[Short web captions]
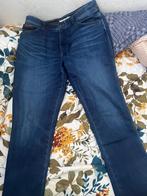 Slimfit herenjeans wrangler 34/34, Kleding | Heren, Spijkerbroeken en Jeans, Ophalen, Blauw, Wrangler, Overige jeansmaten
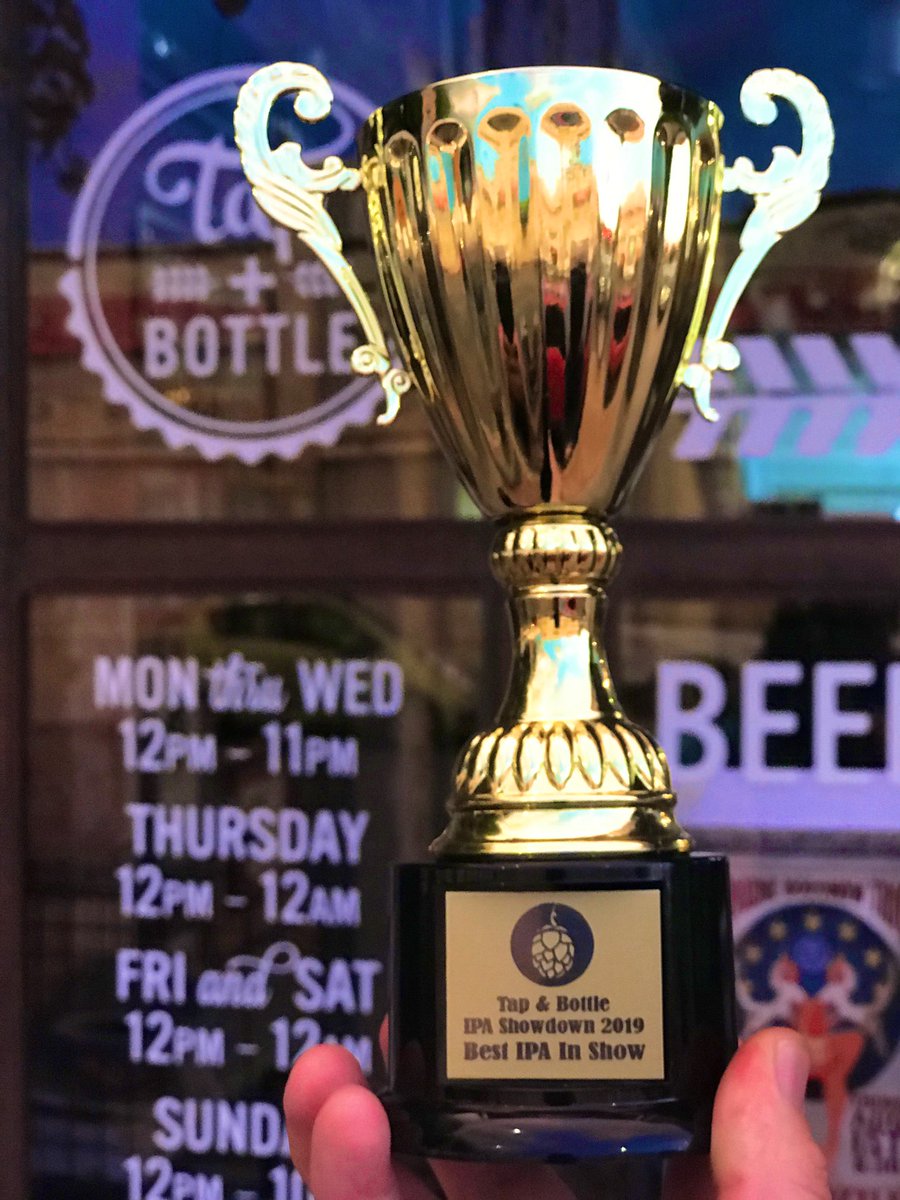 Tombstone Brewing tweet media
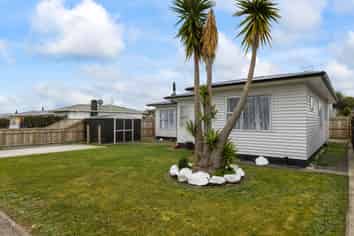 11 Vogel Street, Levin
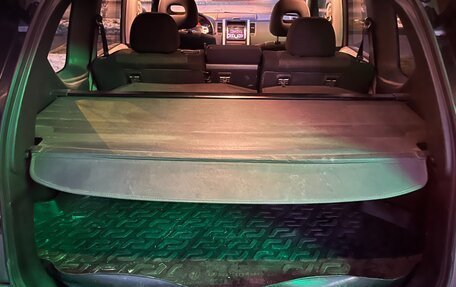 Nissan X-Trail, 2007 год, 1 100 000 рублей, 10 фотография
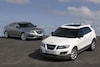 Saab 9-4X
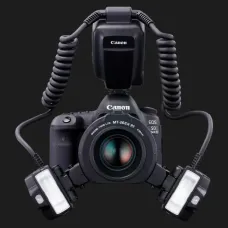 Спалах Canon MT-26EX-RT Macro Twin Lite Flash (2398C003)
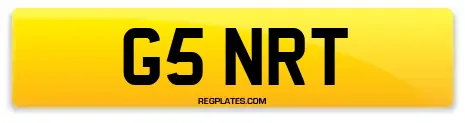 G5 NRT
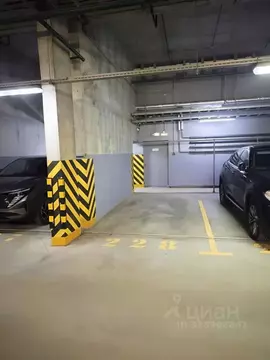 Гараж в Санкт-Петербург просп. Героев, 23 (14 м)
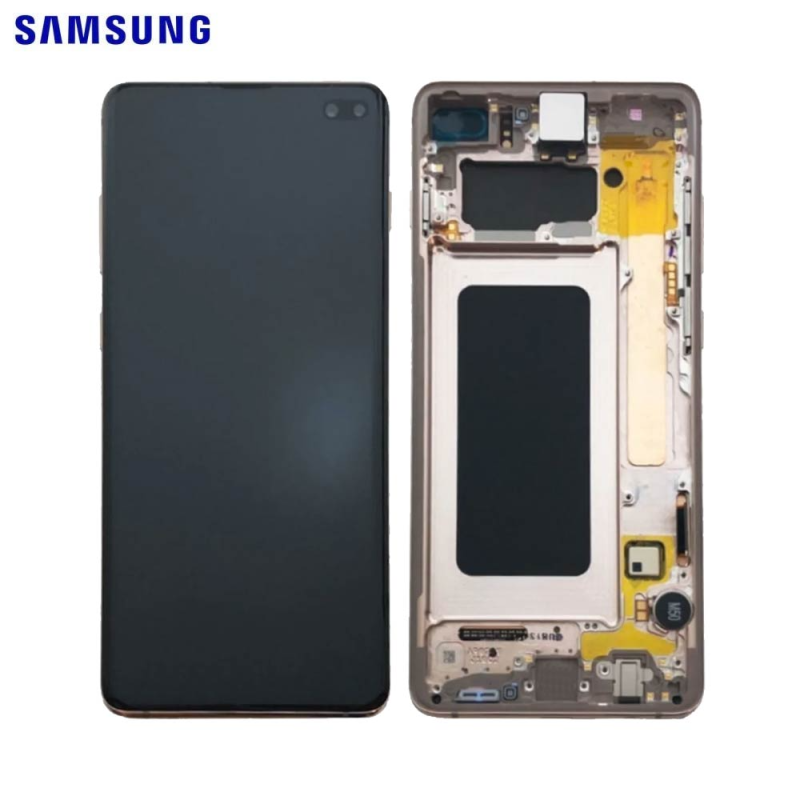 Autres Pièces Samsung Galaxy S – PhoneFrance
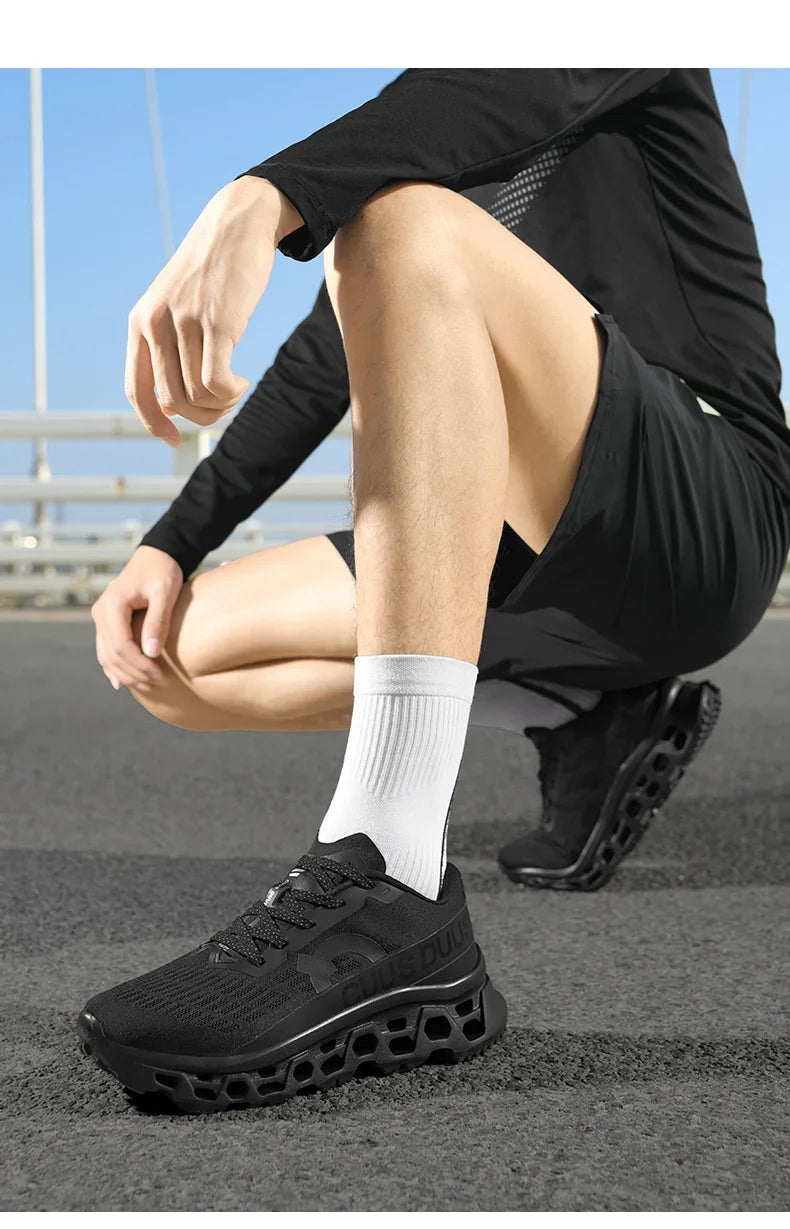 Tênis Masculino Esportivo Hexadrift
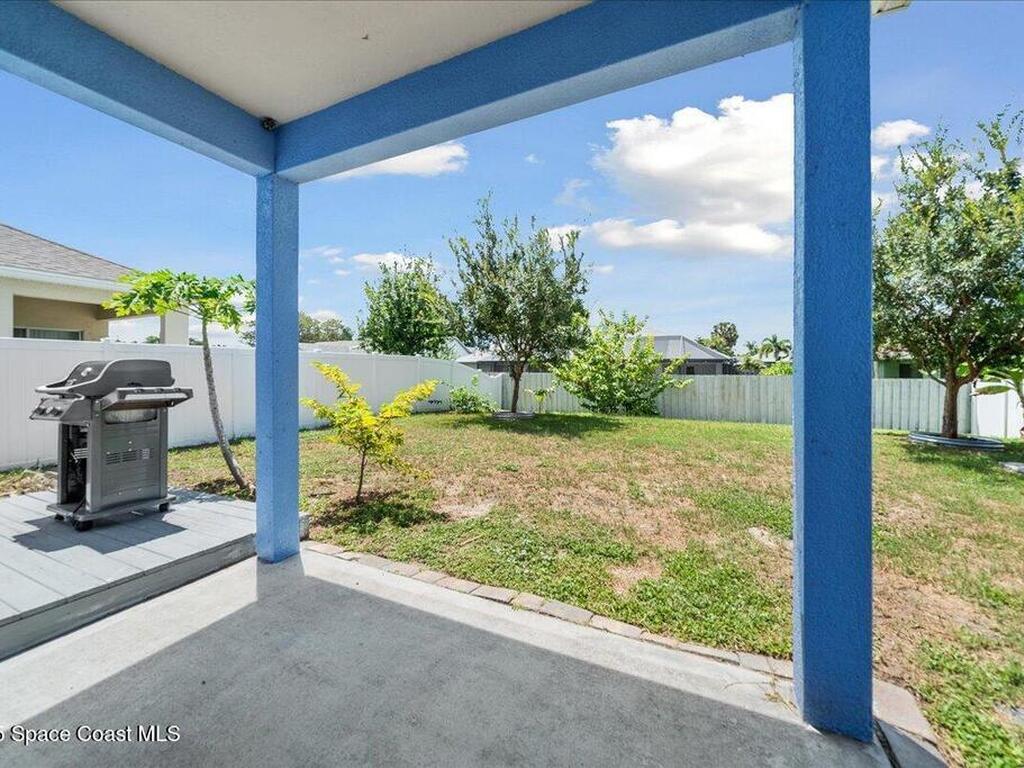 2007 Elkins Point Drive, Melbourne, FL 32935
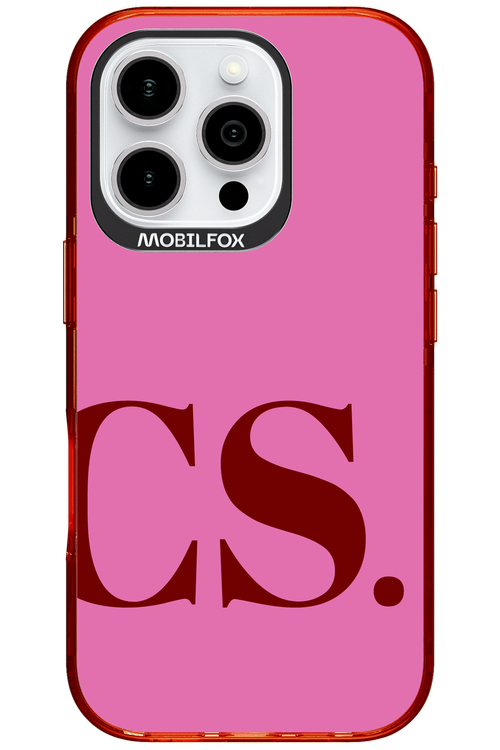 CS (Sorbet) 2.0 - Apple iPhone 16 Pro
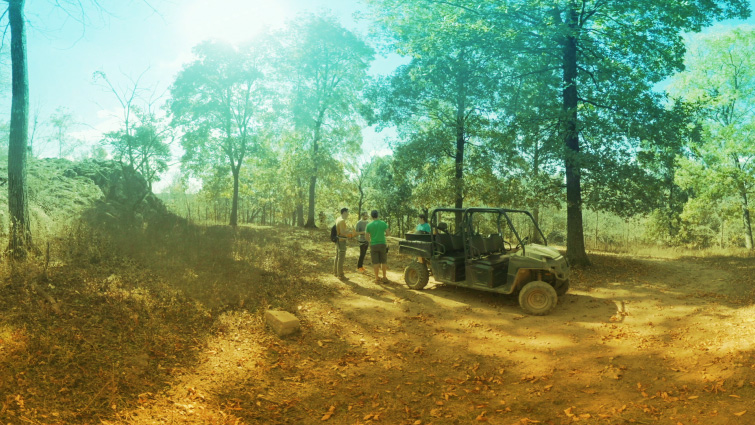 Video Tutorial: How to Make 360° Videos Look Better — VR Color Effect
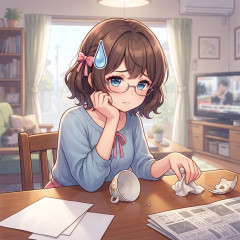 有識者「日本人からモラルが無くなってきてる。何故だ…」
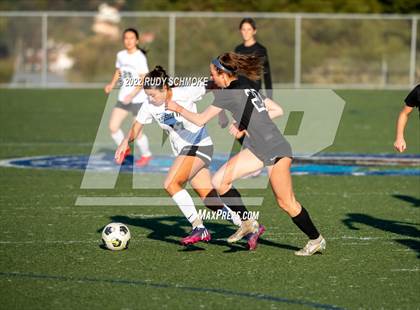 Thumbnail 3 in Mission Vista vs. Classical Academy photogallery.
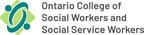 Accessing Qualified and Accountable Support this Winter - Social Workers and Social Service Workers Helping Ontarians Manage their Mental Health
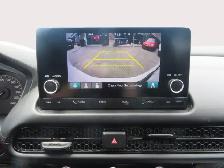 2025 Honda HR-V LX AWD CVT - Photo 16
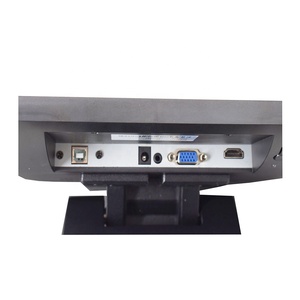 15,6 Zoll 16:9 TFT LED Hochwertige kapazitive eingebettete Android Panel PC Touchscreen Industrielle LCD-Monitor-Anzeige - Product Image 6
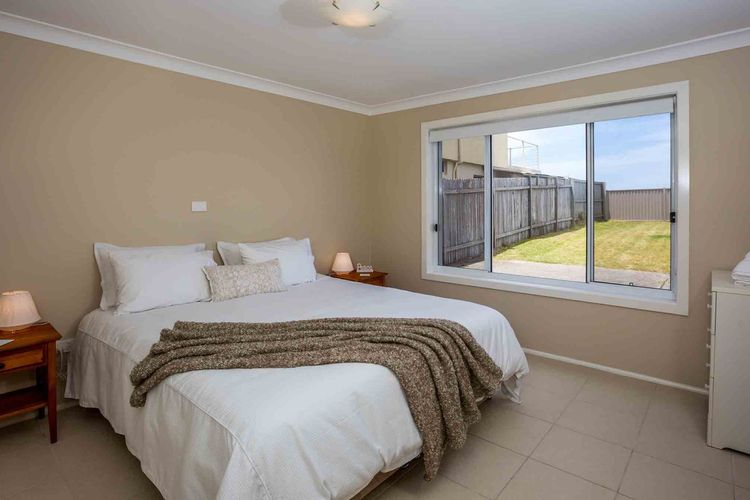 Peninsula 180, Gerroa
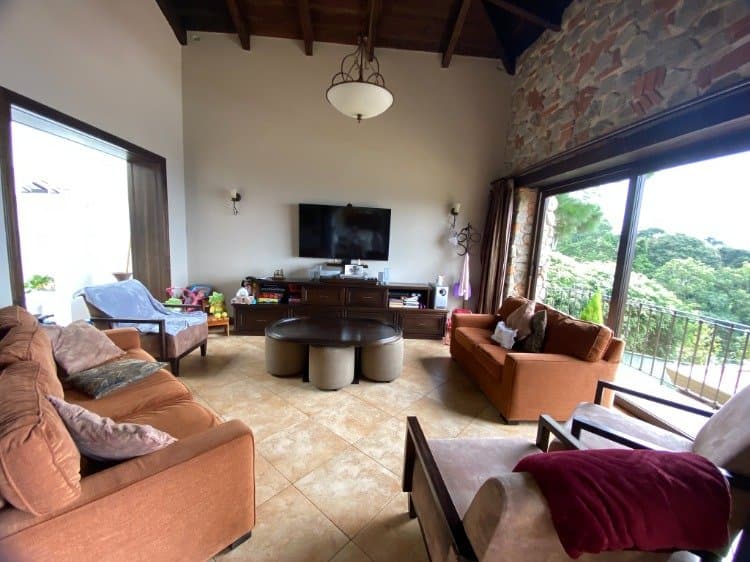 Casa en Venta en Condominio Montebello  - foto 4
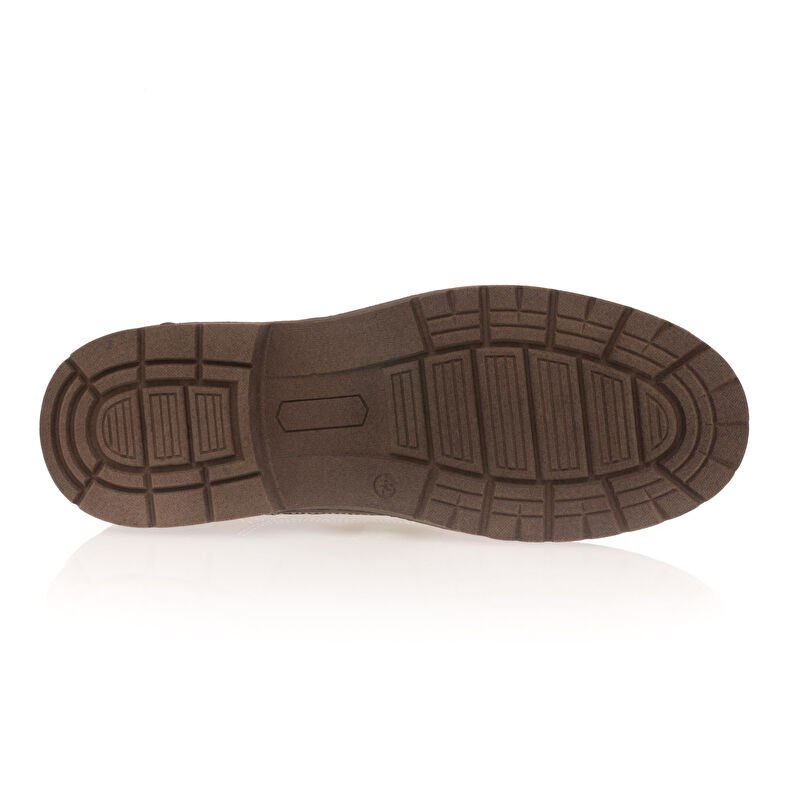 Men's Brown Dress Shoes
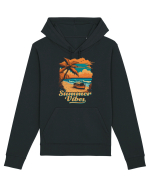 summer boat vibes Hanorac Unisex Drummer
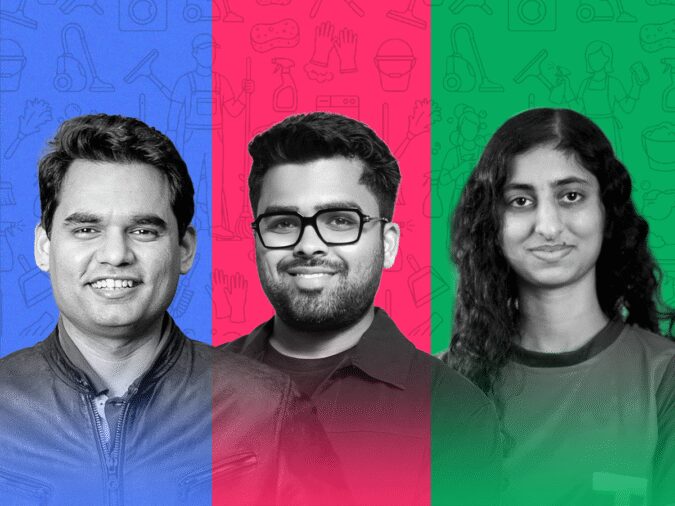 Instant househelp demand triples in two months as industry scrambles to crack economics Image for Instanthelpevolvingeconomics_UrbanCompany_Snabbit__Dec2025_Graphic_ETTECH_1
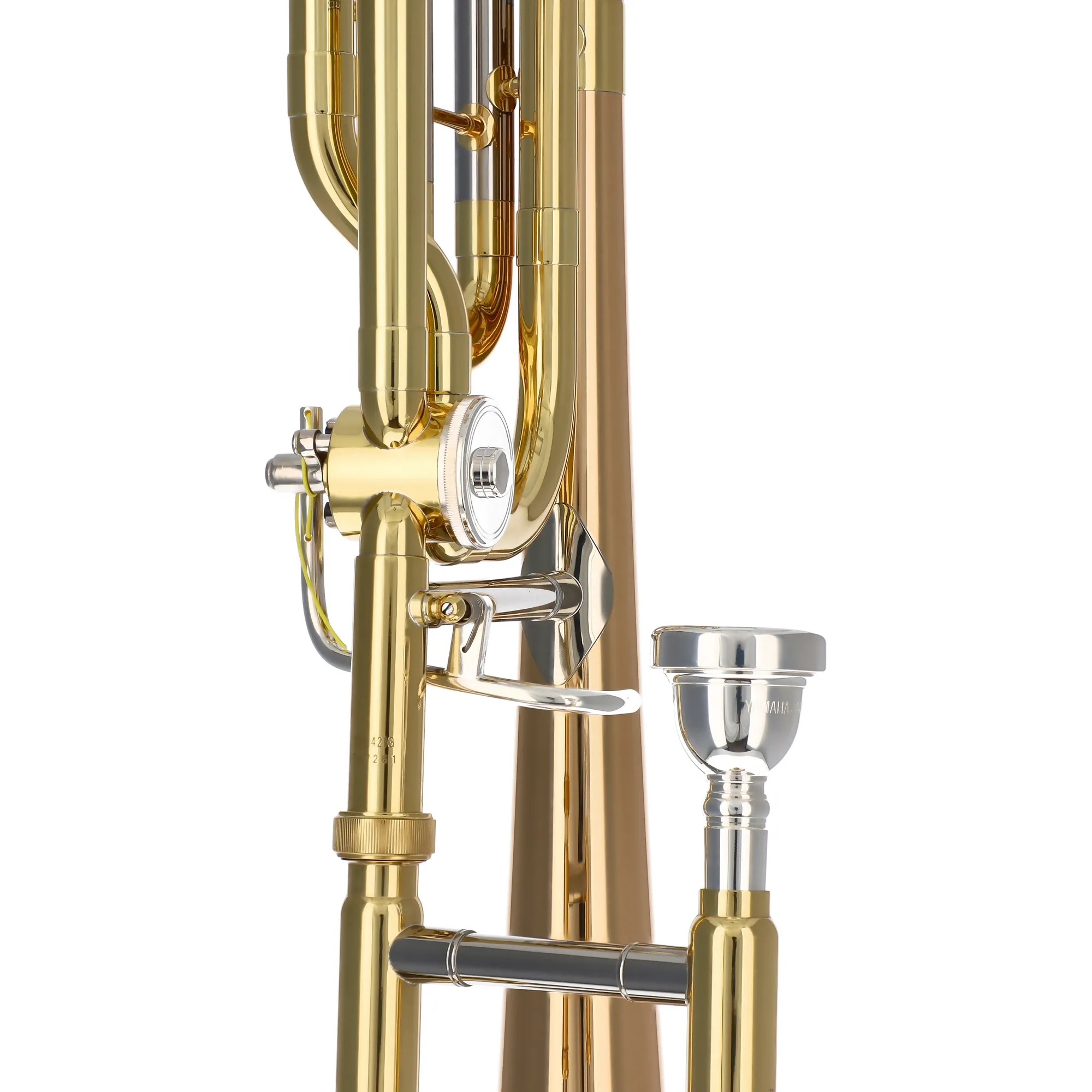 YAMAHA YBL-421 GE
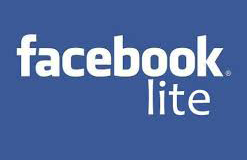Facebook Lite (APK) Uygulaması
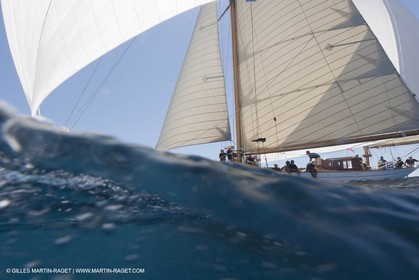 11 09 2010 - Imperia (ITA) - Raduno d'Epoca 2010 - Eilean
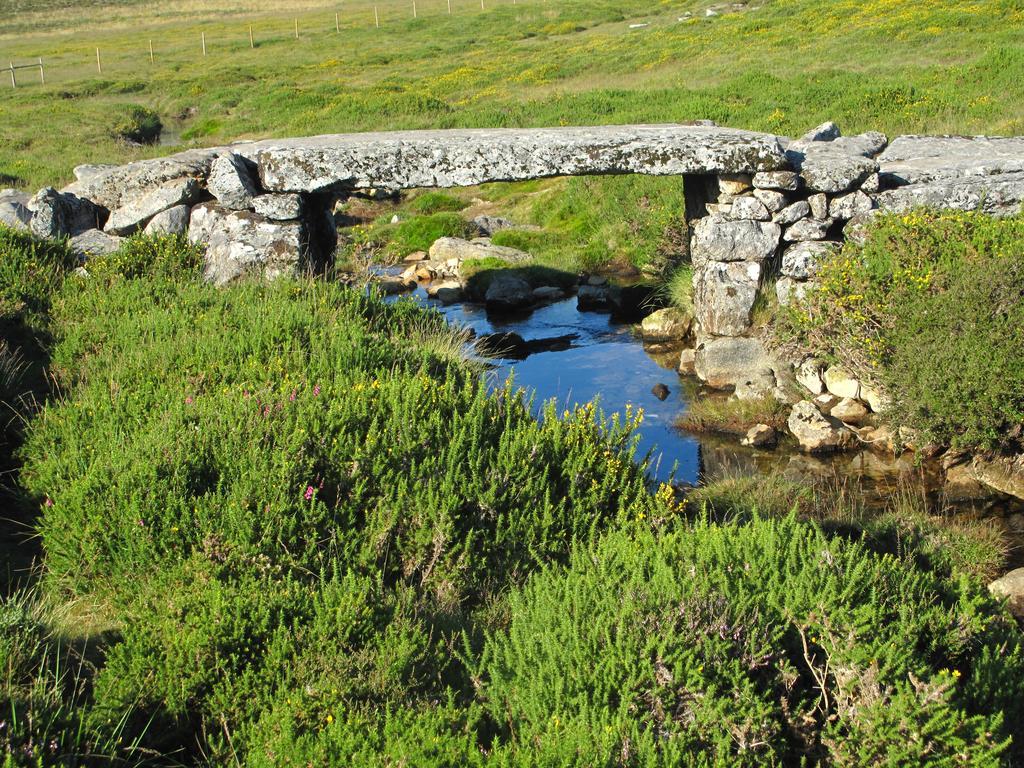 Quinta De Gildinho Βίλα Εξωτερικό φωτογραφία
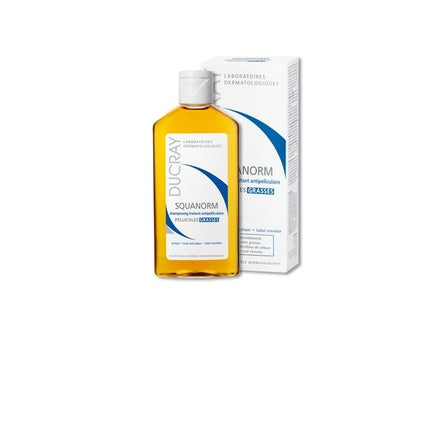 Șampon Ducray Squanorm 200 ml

The problem:
Output exactly, and only, the lines of the entries above from the one with "Спалах Canon MT-26EX-RT" up to and including the one with "Video Tutorial: How"; pictures are to be left out.

Exercise solution:
 Спалах Canon MT-26EX-RT Macro Twin Lite Flash (2398C003)
 G5 NRT
 Гараж в Санкт-Петербург просп. Героев, 23 (14 м)
 Autres Pièces Samsung Galaxy S – PhoneFrance
 Tênis Masculino Esportivo Hexadrift
 2007 Elkins Point Drive, Melbourne, FL 32935
 CS (Sorbet) 2.0 - Apple iPhone 16 Pro
 Video Tutorial: How to Make 360° Videos Look Better — VR Color Effect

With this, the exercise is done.